EXERCISE DIRECTIONS
Extract the stretch of lines that starts at the line with "maevely ๐พ๐ (@maeveiy)" and ends at the last line of the data below. Give it exactly, without pictures.
DATA SUPPLIED START
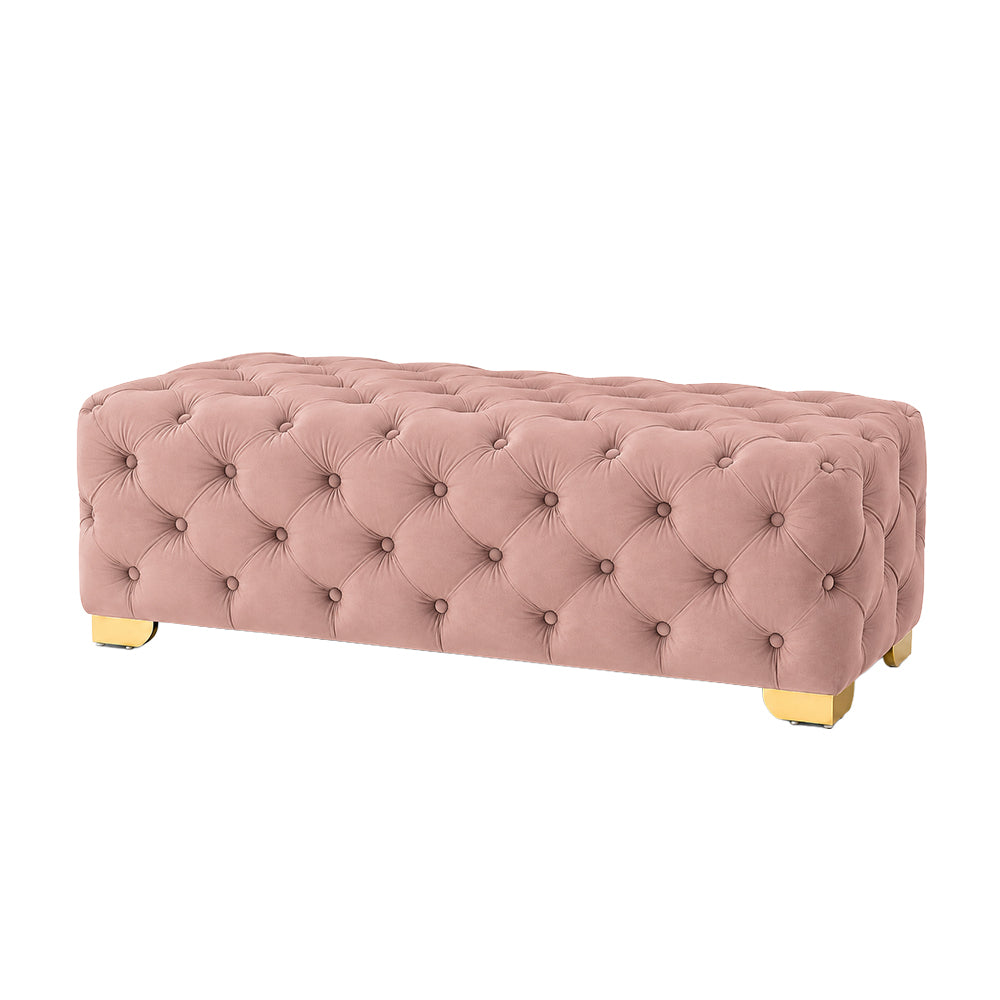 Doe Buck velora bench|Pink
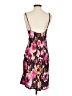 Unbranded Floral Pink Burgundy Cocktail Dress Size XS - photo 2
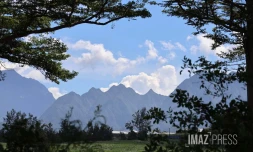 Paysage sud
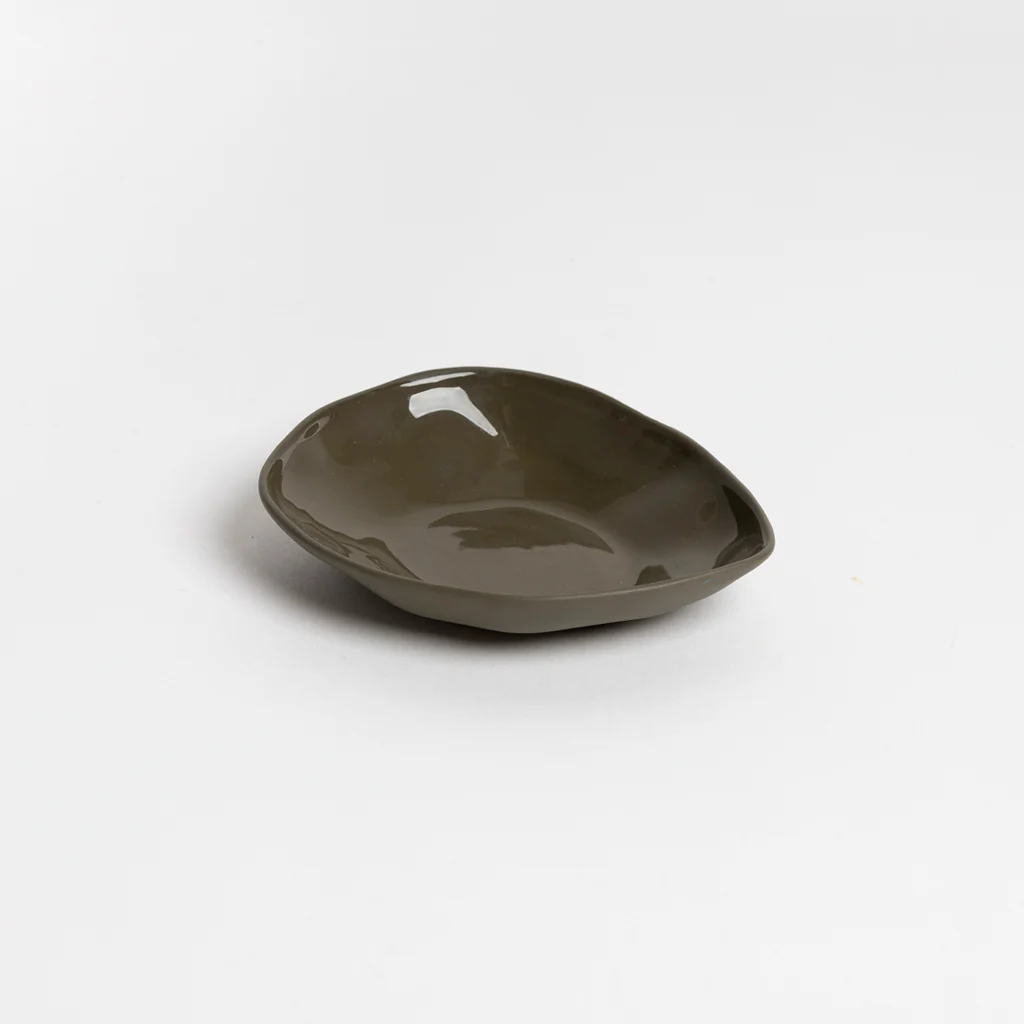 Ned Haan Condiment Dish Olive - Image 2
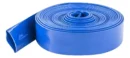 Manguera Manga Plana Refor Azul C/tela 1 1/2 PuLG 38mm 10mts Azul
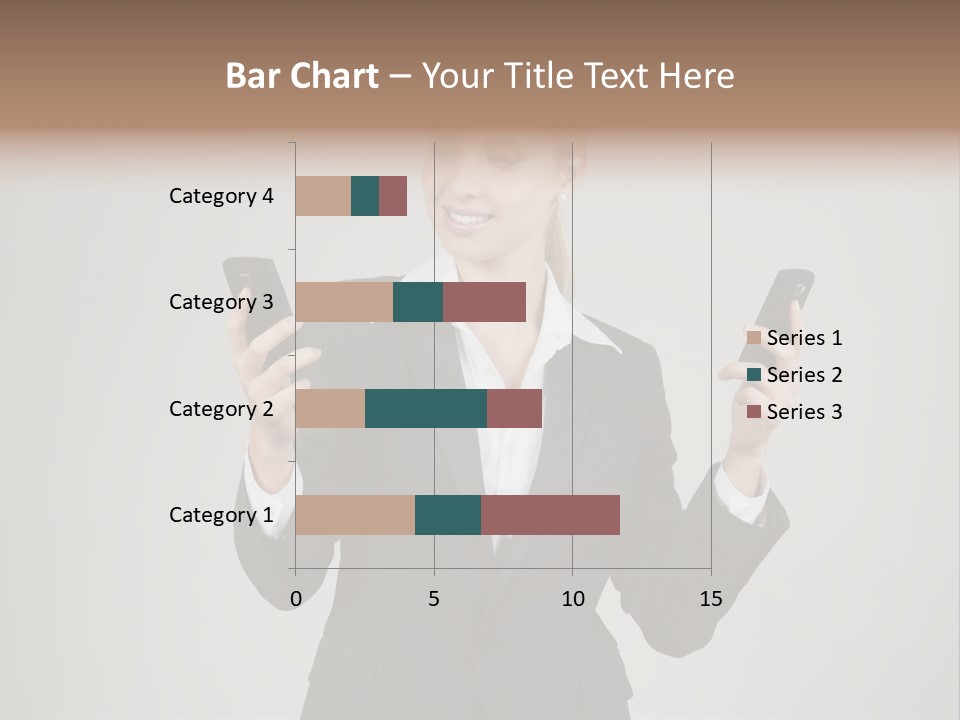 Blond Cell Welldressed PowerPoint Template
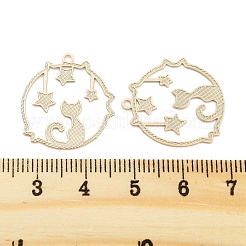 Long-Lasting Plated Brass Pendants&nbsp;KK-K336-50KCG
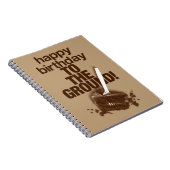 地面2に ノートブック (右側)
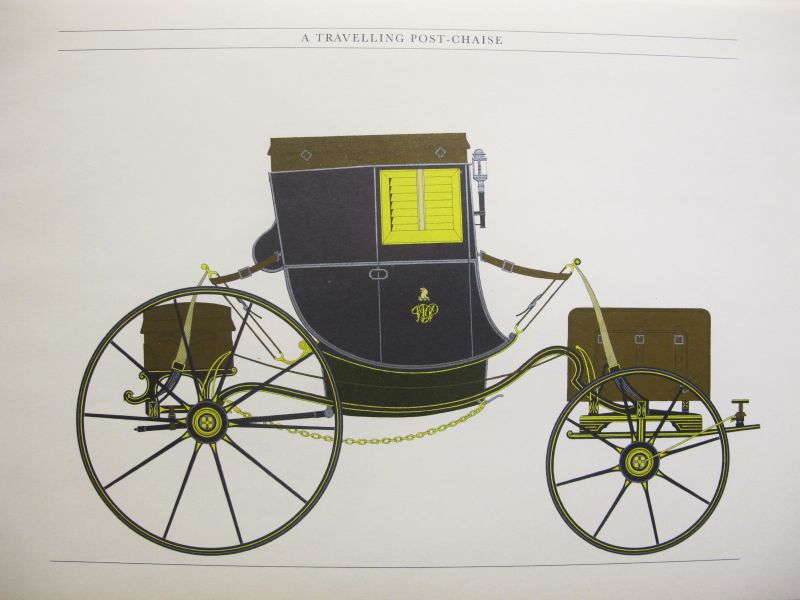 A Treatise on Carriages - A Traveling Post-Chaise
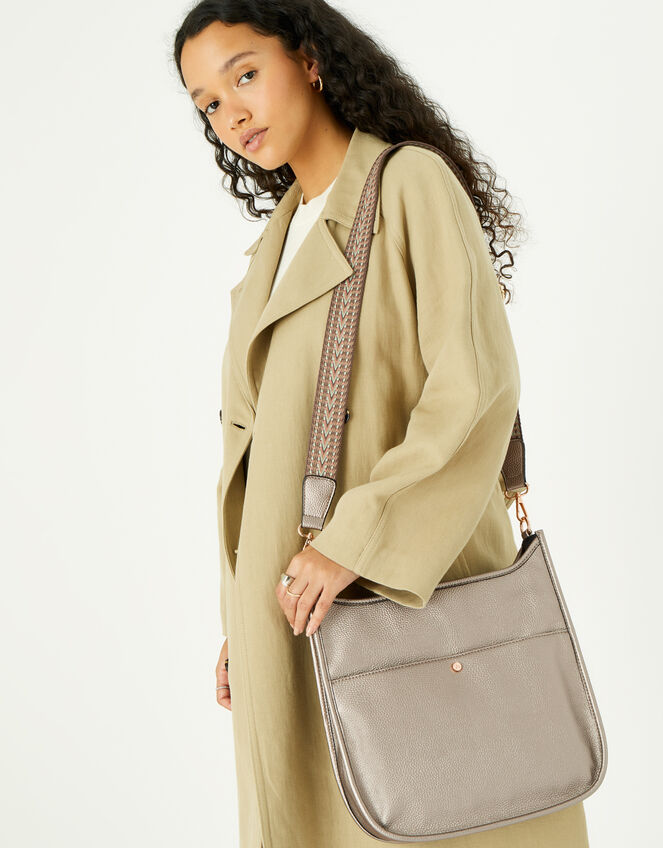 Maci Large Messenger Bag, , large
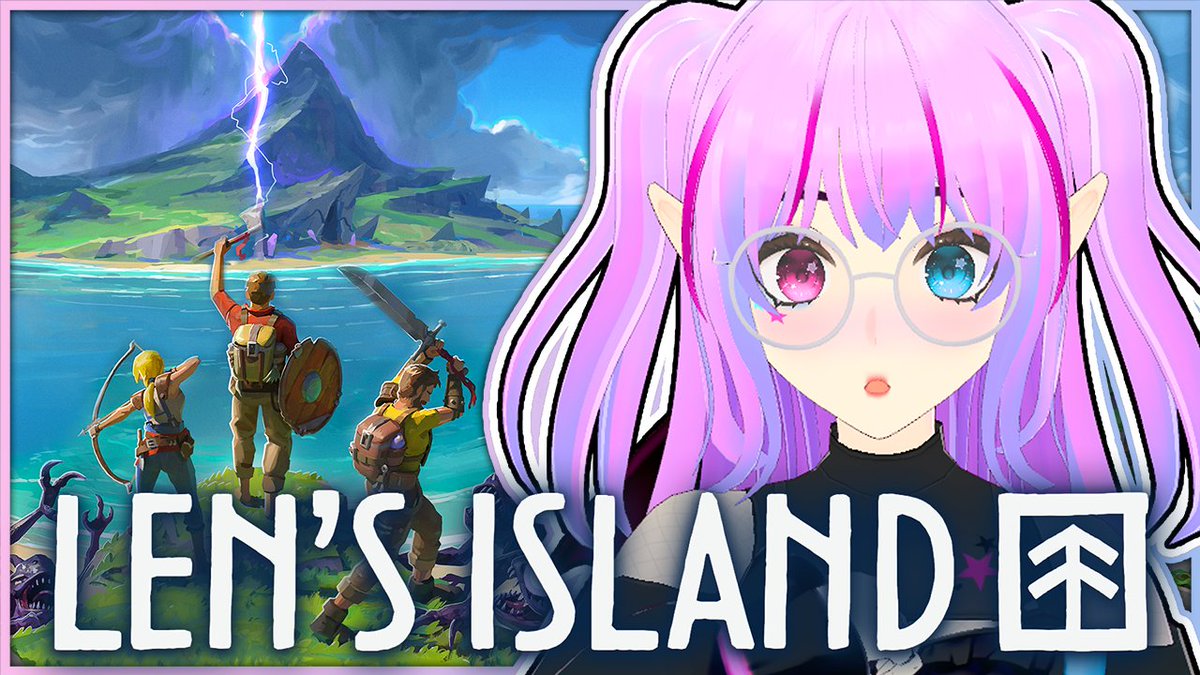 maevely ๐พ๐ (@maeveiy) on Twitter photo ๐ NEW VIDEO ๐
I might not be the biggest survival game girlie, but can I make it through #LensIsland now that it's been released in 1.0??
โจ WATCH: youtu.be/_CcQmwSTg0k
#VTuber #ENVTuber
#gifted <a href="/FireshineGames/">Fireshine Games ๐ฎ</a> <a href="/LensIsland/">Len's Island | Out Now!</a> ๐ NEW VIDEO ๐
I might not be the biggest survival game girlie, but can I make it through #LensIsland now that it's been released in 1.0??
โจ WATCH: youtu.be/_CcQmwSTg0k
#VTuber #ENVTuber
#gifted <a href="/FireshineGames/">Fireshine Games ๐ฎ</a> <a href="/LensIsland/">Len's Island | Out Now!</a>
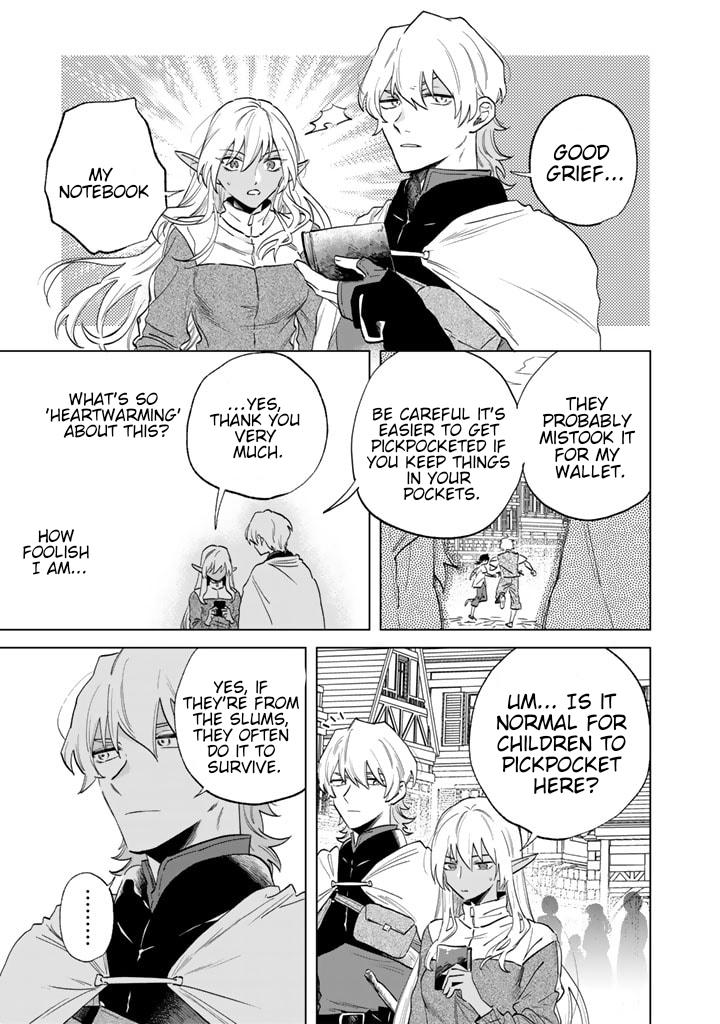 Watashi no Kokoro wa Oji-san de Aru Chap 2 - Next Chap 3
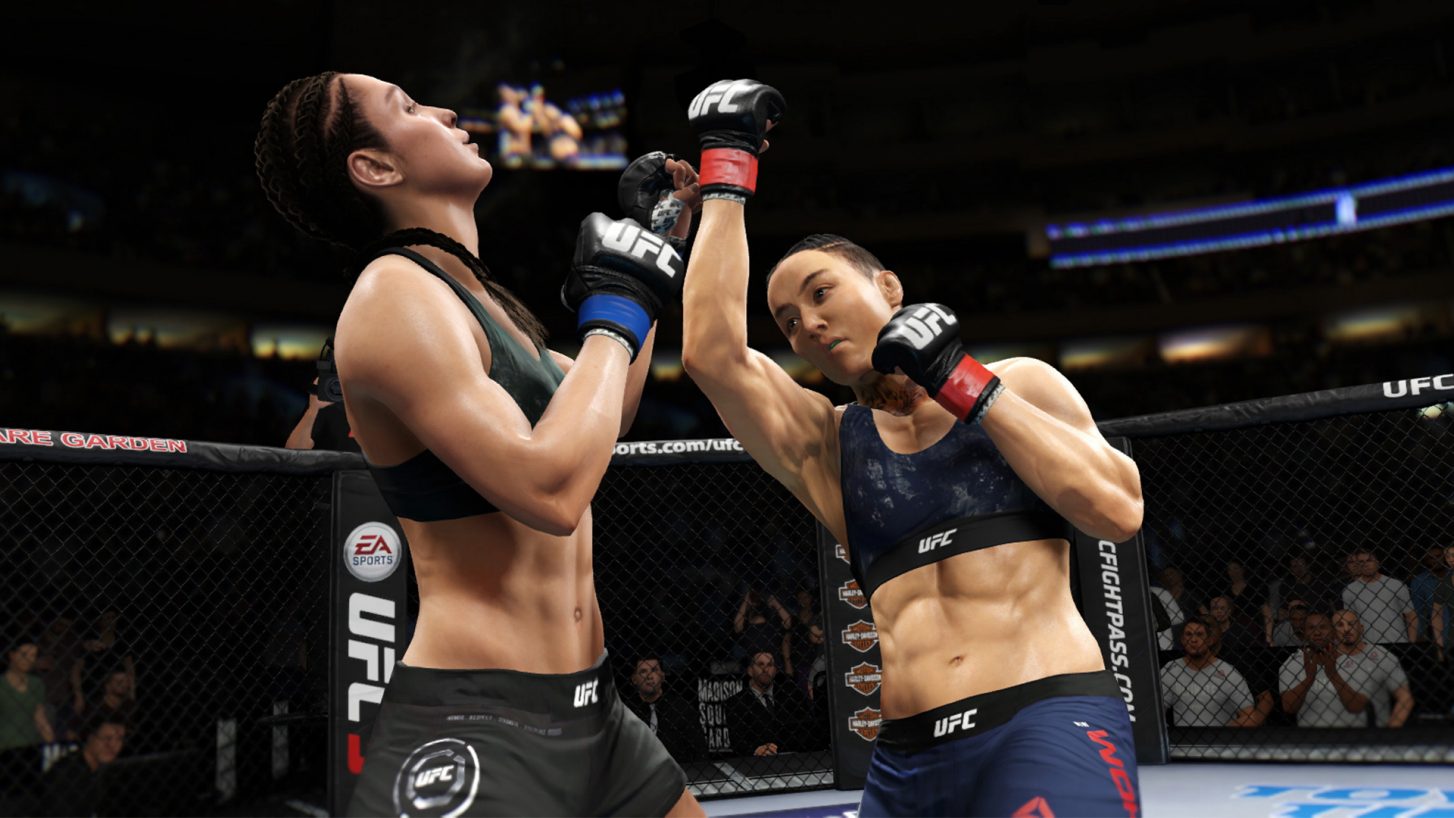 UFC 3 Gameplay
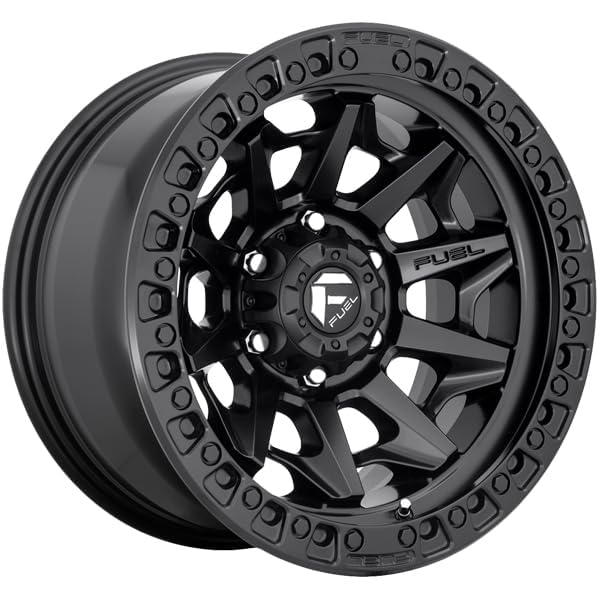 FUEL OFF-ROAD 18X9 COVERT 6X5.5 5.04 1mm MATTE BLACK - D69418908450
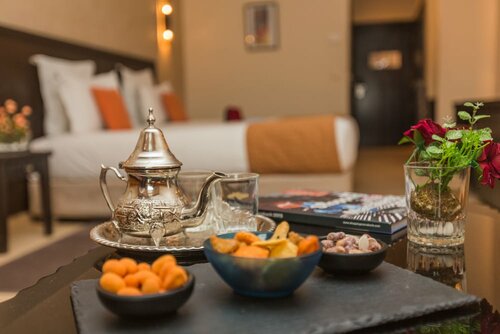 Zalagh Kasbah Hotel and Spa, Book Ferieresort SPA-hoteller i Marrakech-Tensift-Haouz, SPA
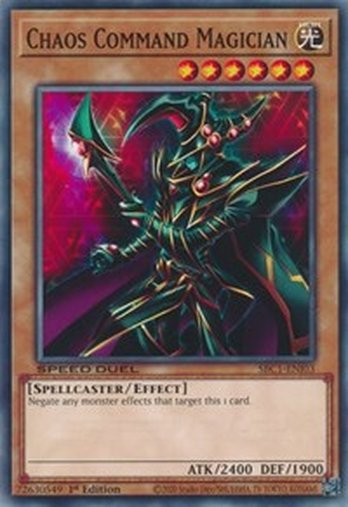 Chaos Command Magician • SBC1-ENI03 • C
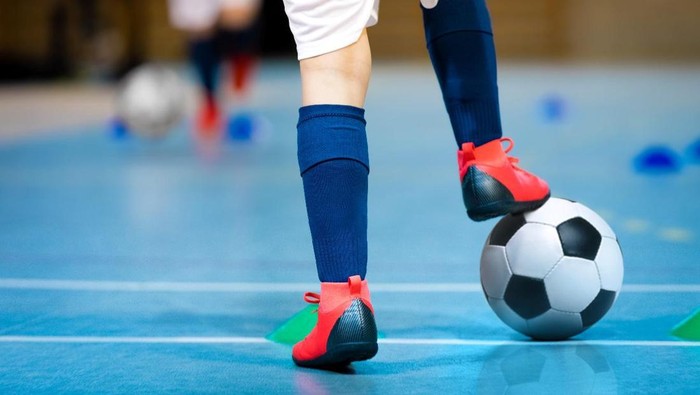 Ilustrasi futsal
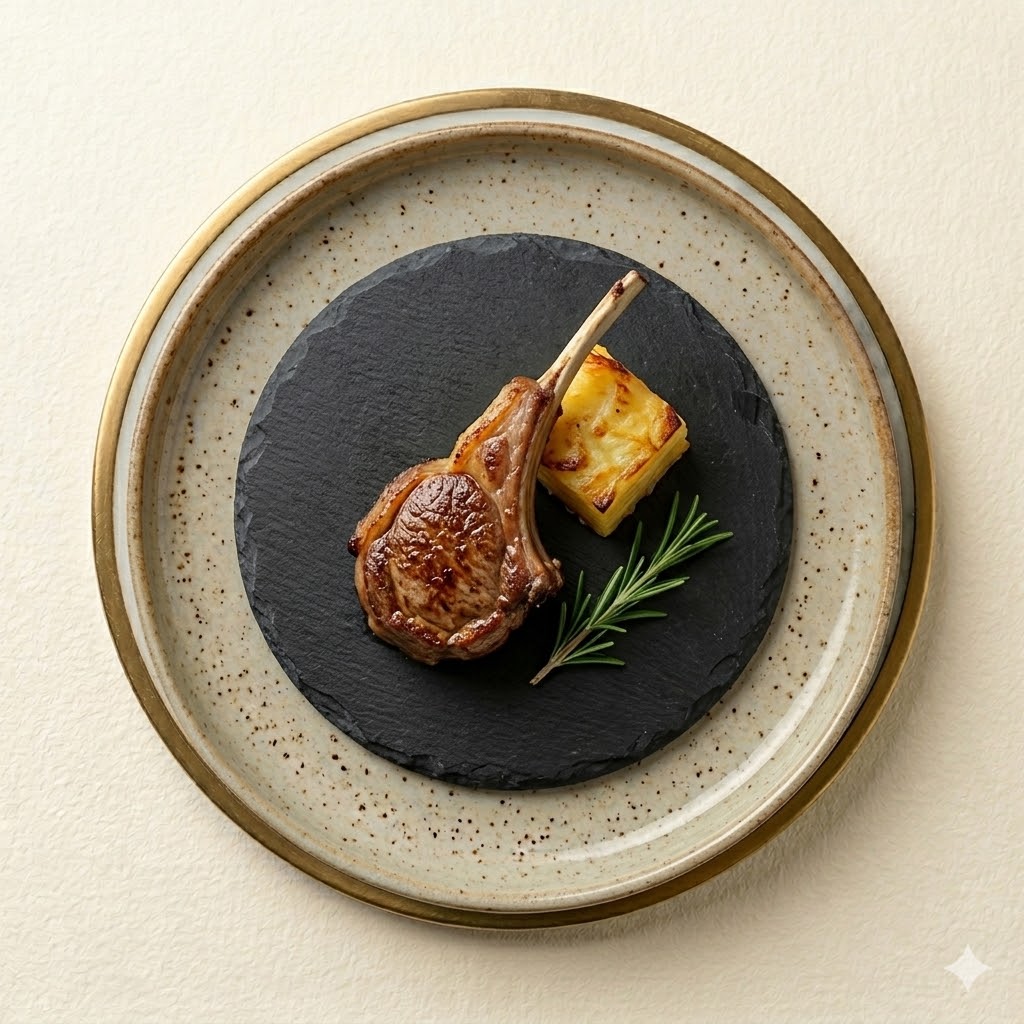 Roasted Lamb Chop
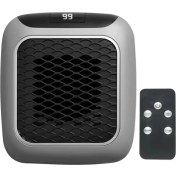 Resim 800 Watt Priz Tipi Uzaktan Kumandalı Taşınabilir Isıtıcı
DATA SUPPLIED END
RESULT FOR THIS EXERCISE
 maevely ๐พ๐ (@maeveiy) on Twitter photo ๐ NEW VIDEO ๐
I might not be the biggest survival game girlie, but can I make it through #LensIsland now that it's been released in 1.0??
โจ WATCH: youtu.be/_CcQmwSTg0k
#VTuber #ENVTuber
#gifted <a href="/FireshineGames/">Fireshine Games ๐ฎ</a> <a href="/LensIsland/">Len's Island | Out Now!</a> ๐ NEW VIDEO ๐
I might not be the biggest survival game girlie, but can I make it through #LensIsland now that it's been released in 1.0??
โจ WATCH: youtu.be/_CcQmwSTg0k
#VTuber #ENVTuber
#gifted <a href="/FireshineGames/">Fireshine Games ๐ฎ</a> <a href="/LensIsland/">Len's Island | Out Now!</a>
 Watashi no Kokoro wa Oji-san de Aru Chap 2 - Next Chap 3
 UFC 3 Gameplay
 FUEL OFF-ROAD 18X9 COVERT 6X5.5 5.04 1mm MATTE BLACK - D69418908450
 Zalagh Kasbah Hotel and Spa, Book Ferieresort SPA-hoteller i Marrakech-Tensift-Haouz, SPA
 Chaos Command Magician • SBC1-ENI03 • C
 Ilustrasi futsal
 Roasted Lamb Chop
 Resim 800 Watt Priz Tipi Uzaktan Kumandalı Taşınabilir Isıtıcı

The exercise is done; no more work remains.